Topic: Computers and Interfaces

Tom Rohrer lectured about how blending analysis can be applied to computer interfaces. The participants analysed, using blending theory, an example in the form of a web commercial banner graphic. Rohrer gave some general hints for how to start making a blending analysis: 1) Brainstorm a list of lexical, visual, etc. items in the example to be analysed 2) Label some input spaces

Paul Sambre presented his PhD work on analysis of copula using cognitive linguistics (with definitions of the internet from magazines as corpus).

Seana Coulson gave a lecture on cognitive artifacts. She showed how a blending analysis can help in the analysis of cognitive artifacts (various lab equipment in an EEG lab).

Vito Evola presented PhD work on blending the erotic and the religious in mystical literature, with examples from The Song of Solomon.

Maurizio Gagliano presented his PhD work: Adapting Kant's schemas and Neisser's model of perception for a model of conceptual blending.

August 17

Topic: Methodology

Monica Gonzalez-Marquez played the latin song and participants attempted a blending analysis of the musical content and the lyrics.

Monica Gonzalez-Marquez presented experimental work on embodiment. Using portable and natural stimulus material (no computers), she aims at demonstrating, with high ecological validity, the psychological reality of image schemata.
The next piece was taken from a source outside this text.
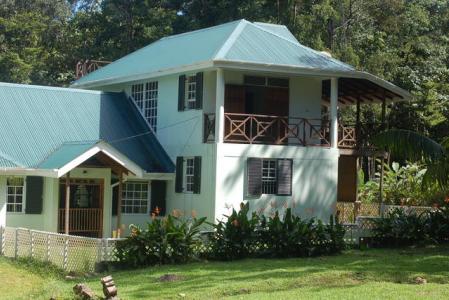 Four Bedroom House in Bantridge, Pondcasse, Saint Paul, דומיניקה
Margaret Freeman gave a condensed talk about what readers do when understanding poetry. She illustrated inferences of varying complexity with examples from research on primates. No primates could spontaneously do a "systems mapping" inference, and according to her, neither could people she had tested either, with some execptions. But, she stated, people can learn how to do these complex mapping, necessary to understand poetry fully, so there is hope.

Special issues and questions discussed

How to go about practically when making a blending analysis

Often participants wondered about how to go about when making a blending analysis. How many input spaces? What to label them? On August 6, Rohrer gave some general hints for how to start making a blending analysis: 1) Brainstorm a list of lexical, visual, etc. items in the example to be analysed 2) Label some input spaces with labels that seem to capture the domains involved

What is a "mental space" in blending theory?

It was noted that some spaces are individual psychological phenomena while others are shared, social conceptualizations, not within any individual. An example of the former would be how a single person understands a particular text. An example of the latter would be how the concept of "complex number" has evolved historically.

How to determine what should be in any given mental space in the notational graph?

Some people proposed phenomenology as a basis for charting out the mental spaces (introspect to find what conceptualisation one has, and if there seems to be two distinct mental spaces or just one) - This view was brought forward by Line Brandt and Chris Sinha in the discussion. Seana Coulson disagreed and pointed out how often intuitions about cognitive processes are wrong.

Mixed questions to the faculty:

These are questions that were put in written form to the faculty in advance of the last day of summer school. These are their personal views on these questions.
  1. Would you say that blending theory makes any assumptions on the ontological status of consciousnesss? Is it consistent with all flavours of philosophy of mind, or deoes it require any special version?
    Replies:
    Margaret Freeman: It has the background of Lakoff & Johnson, therefore adheres to an embodied view of consciousness.
    Seana Coulson: Not per se, but people do.
    Tim Rohrer: Yes, assumptions on what consciosness is: embodied, dynamic. Some flavours are ruled out.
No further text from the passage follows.